И на четыре года к этой семье добавился их племянник Семен. Дядя Леня, был мастером на все руки и очень увлекающимся человеком. Мы  с Семеном называли его «автомотовелофоторадиомонтером». Дома на письменном столе постоянно монтировались радиоприемники, под столом, были приспособления для занятий фотографией. В дровяном складе был мотоцикл.
       В 1951 году он  где то раздобыл еще один крупный мотоцикл БМВ, который в сарай они поставить не решились и держали его в жилой комнате. Среди различных технических установок, особенное место занимал  самогонный аппаратик, продукцию которого мы периодически, по праздникам,  дегустировали.
В эти дни работы над проектами были периоды, когда денег на еду  не было. Семен разыскал у тети Шуры муку и сушеные груши. Варили суп с клецками, куда клали много лаврового листа, закусывали грушами. Почти каждый день нас навещал Вовка. Дипломные проекты успешно продвигались.
И, наконец, в конце июня мы все  успешно защитились, и стали готовиться  к выпускному балу.

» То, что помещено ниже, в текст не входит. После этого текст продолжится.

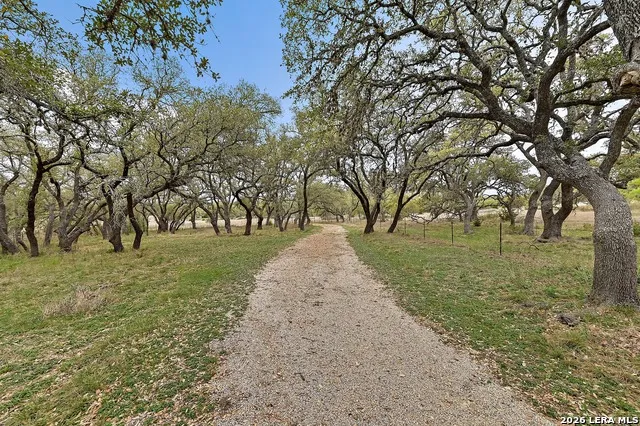 3513 Us Highway 281 Blanco, TX 78606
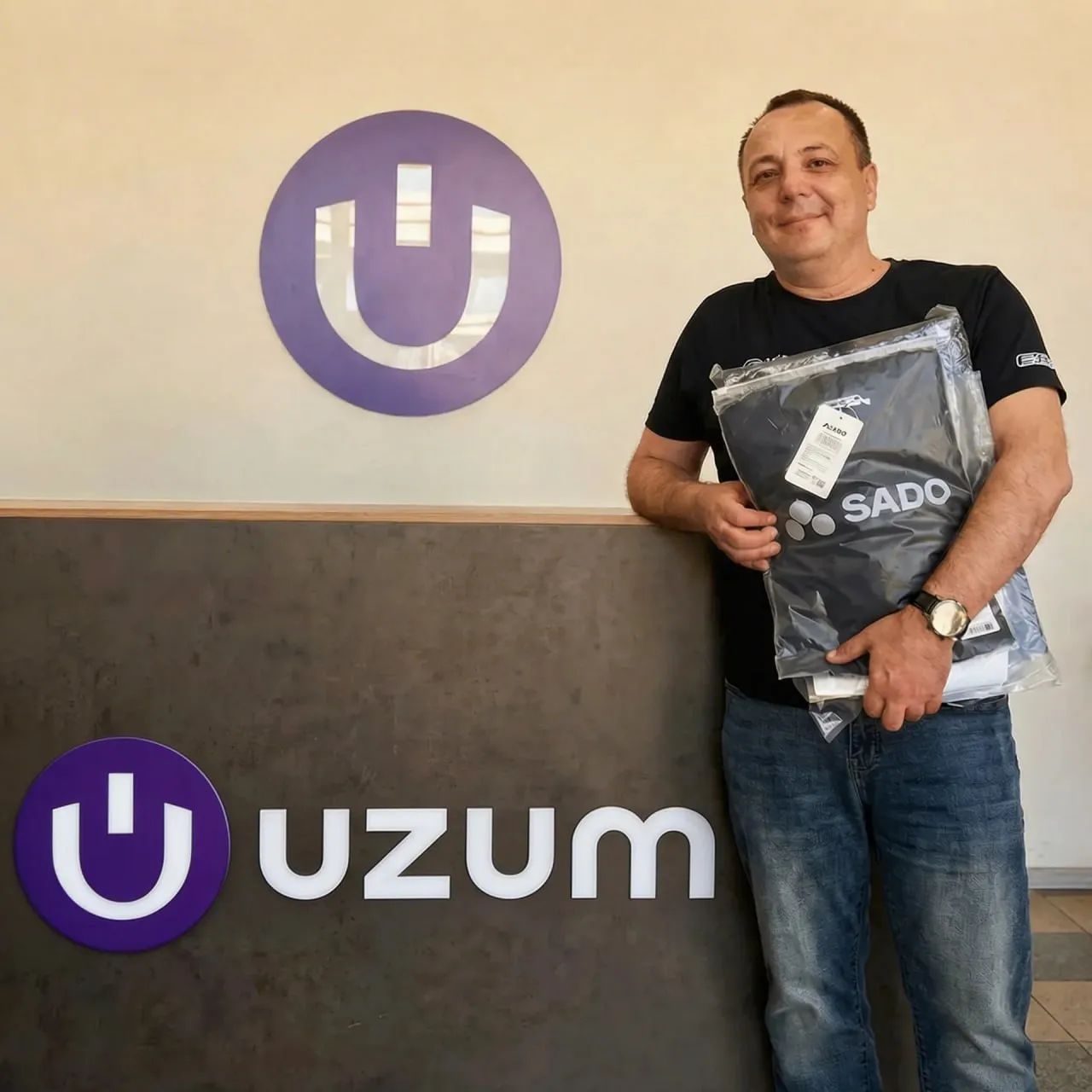 Uzum Market доставил 100 миллионный заказ Национальный маркетплейс Uzum Market зафиксировал 100 миллионный заказ Его оформил Владислав Андреев из Намангана один из постоянных пользователей платформы на счету которого уже более 200 заказов Я пользуюсь Uzum Market с самого запуска Чаще всего заказываю детское питание игрушки товары для питомцев и мелкую бытовую технику Удобно что доставка приходит уже на следующий день а заказ можно проверить при получении Кроме того на платформе есть широкий выбор товаров которых нет в нашем городе Было очень неожиданно и приятно узнать что именно мой заказ стал юбилейным рассказал Владислав Команда Uzum Market передала Владиславу подарок на память и конечно промокод на новые покупки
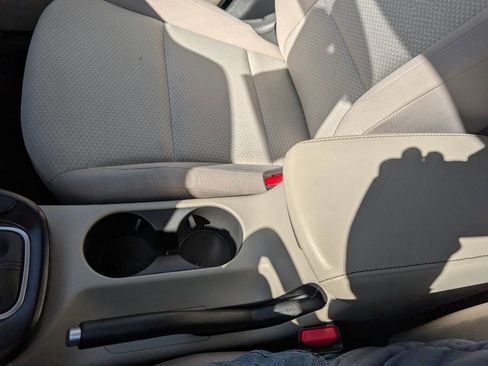 Used 2020 Kia Soul LX image 24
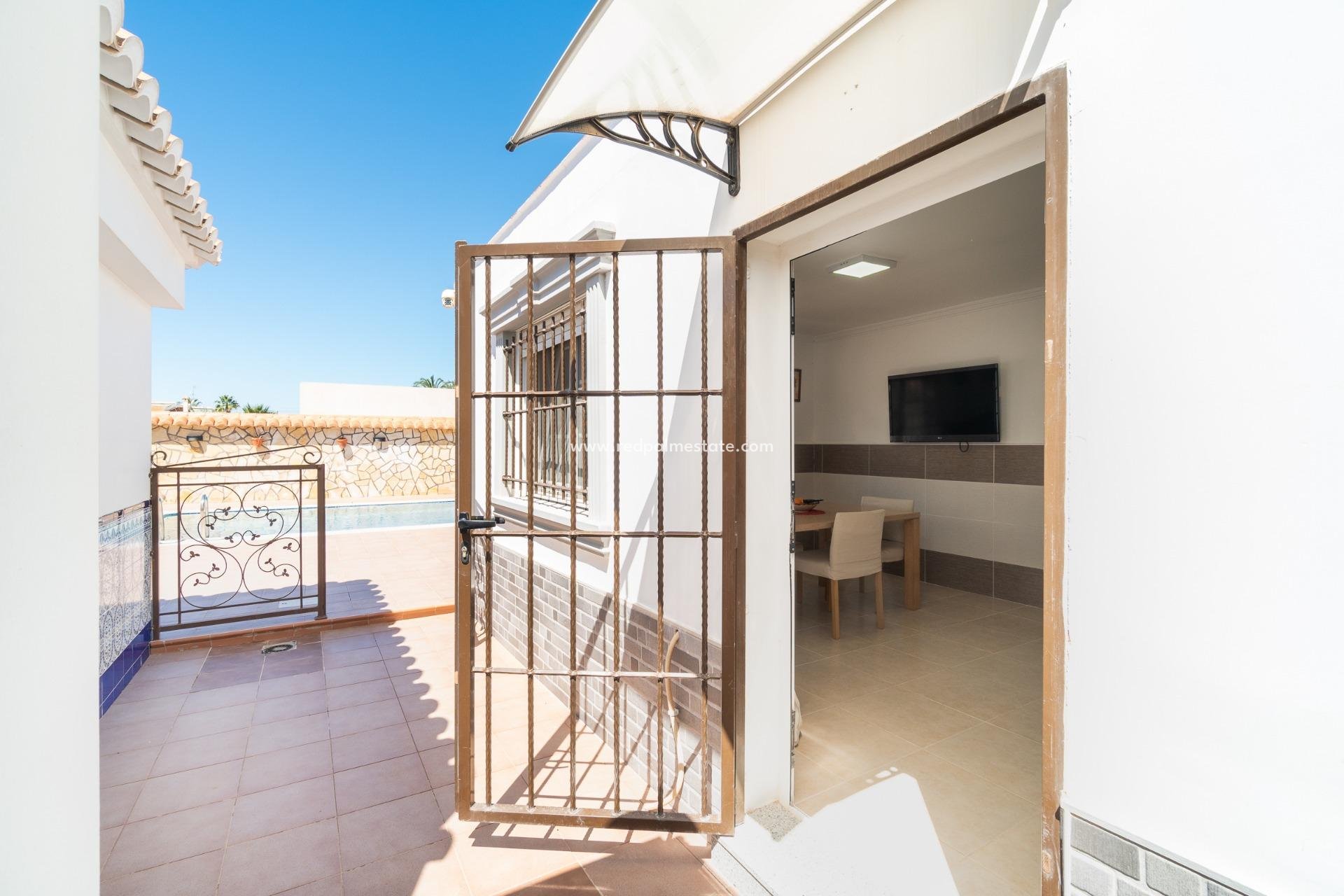 Videresalg - Villa -
Torrevieja - La Siesta - El Salado - Torreta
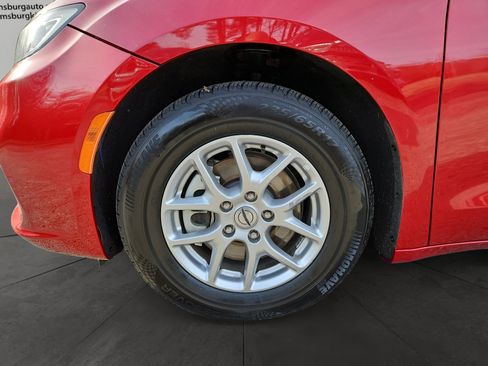 Used 2024 Chrysler Pacifica Touring-L image 14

       Но, к сожалению, у нас произошла большая беда. В одной из параллельных групп,  несколько человек решили отпраздновать защиту, в парках Петродворца.  Они вначале посидели в кафе, затем захотели искупаться. В Финском заливе до глубоких мест нужно идти довольно далеко от берега. Они всей компанией шли по
отмели, и вдруг на их пути оказались подводные ямы, образовавшиеся в результате выемки песка строителями. На глазах присутствующих, двое ребят провалились в эти ямы и утонули. Это были Юра Бланкфельд и Саша Савенков. Мы  их хорошо знали, и это было большим горем для всех. В этой обстановке было не до веселья. Вместо праздника были похороны.
          Передо мной и Семеном, как  и перед всеми нашими выпускниками, встал вопрос о дальнейшей учебе. Можно было рассматривать два варианта. Первый – работать по месту направления и учиться в заочном энергетическом институте. Второй – в горном институте открылся специальный факультет-«Электрооборудование горнопромышленных  предприятий». На это отделение принимали только выпускников техникумов, с электротехническими специальностями. Можно было не отрабатывать положенный после окончания техникума срок.  Платили повышенную стипендию, достаточную для жизни.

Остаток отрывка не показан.